The most common complaint I hear about money is “I don’t live an extravagant lifestyle. I don’t go on shopping sprees or luxurious vacations. Where is my money going!? There’s never any money left over to save.”
Most of us didn’t learn about personal finance in school, and that puts us at a major disadvantage. Even after we learn what we should do and want to be doing with our money, we often don’t do it. It’s much more tied to our emotions and habits than we give it credit for - just like with food.
The math around food and money is similar and actually quite simple. Dollars in minus dollars out equal saving, losing money, or staying the same. Calories in minus calories out equals weight loss, weight gain, or staying the same.
If it were actually that simple, there wouldn’t be a billion dollar dieting industry - and we’d be a lot less stressed about money!
One of the reasons it’s difficult to save is that we think about saving money all wrong. Most of us earn money, use that money to pay our bills and live our lives, and then wait to see what’s leftover at the end of the paycheck or month. The bad news is, there’s usually no money left over to save.
We think the answer is to earn more money. I’ve thought this many times. Then I got a raise and expected there to be money left to save but there wasn’t. The irony is that I couldn’t point to big meaningful changes in my lifestyle, but the money just got taken up with more of the same.
One of the reasons this happens is Parkinson's Law. It’s the idea that things take up as much space we give them. It’s why our junk drawer always fills up, meetings take exactly as long as is allotted in the calendar (even if there is only one agenda item!), and you guessed it - our expenses always fill what’s in our bank account.
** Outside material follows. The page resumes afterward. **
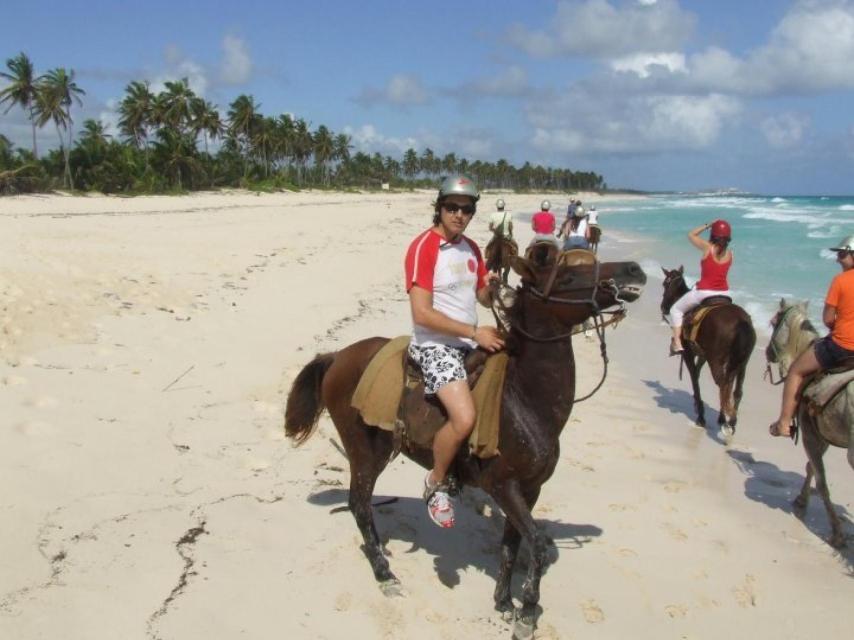 Pere a caballo en una de sus vacaciones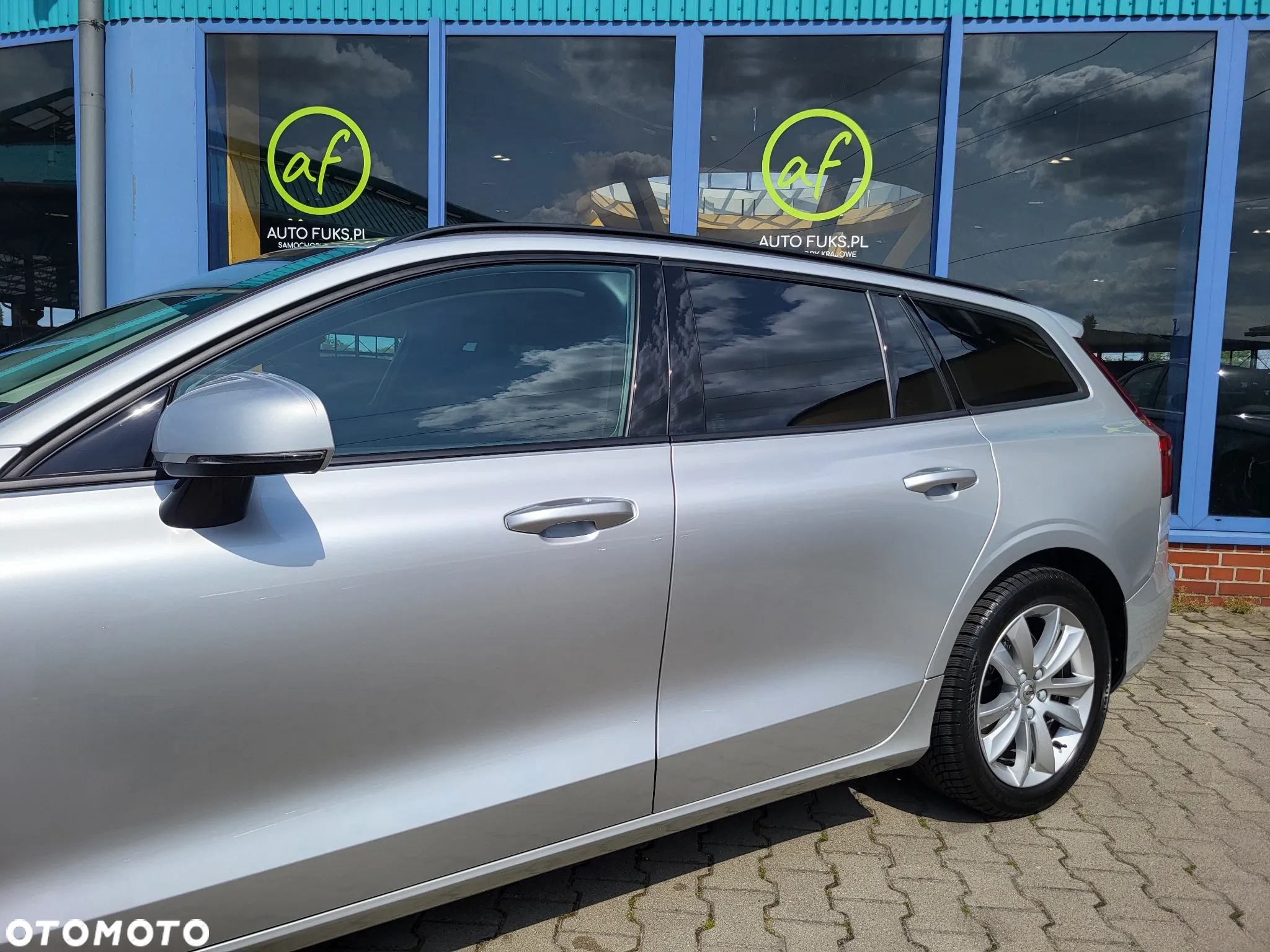 Volvo V60 - 2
Most of us will have to make some shifts in order to start meaningfully saving. The good news is that they aren’t hard, it just takes thinking about saving in a different way and setting up a system.
Here are three tips to finally start saving that no one tells us.
1. Get it out of sight, out of mind.
The first thing you want to do is create a separate space for our savings. You want it out of sight and out of mind. When we have a checking account linked to our savings account within the same bank, it’s all too easy to transfer the money over on a whim.
We also can’t help but notice it when we login to check our checking account balance. The money is available and for most of us, and that means it won’t stay in savings for long. There are a few unicorns who are able to keep their savings in the same bank connected with their checking, but for most of us, it just doesn't work.
I’m a big fan of online savings accounts for this reason. The money is available to us (transfers typically take 2-5 days) but it’s not top of mind. They also earn a much better interest rate than our accounts with brick and mortar banks. This means our savings will be growing! And they’re free.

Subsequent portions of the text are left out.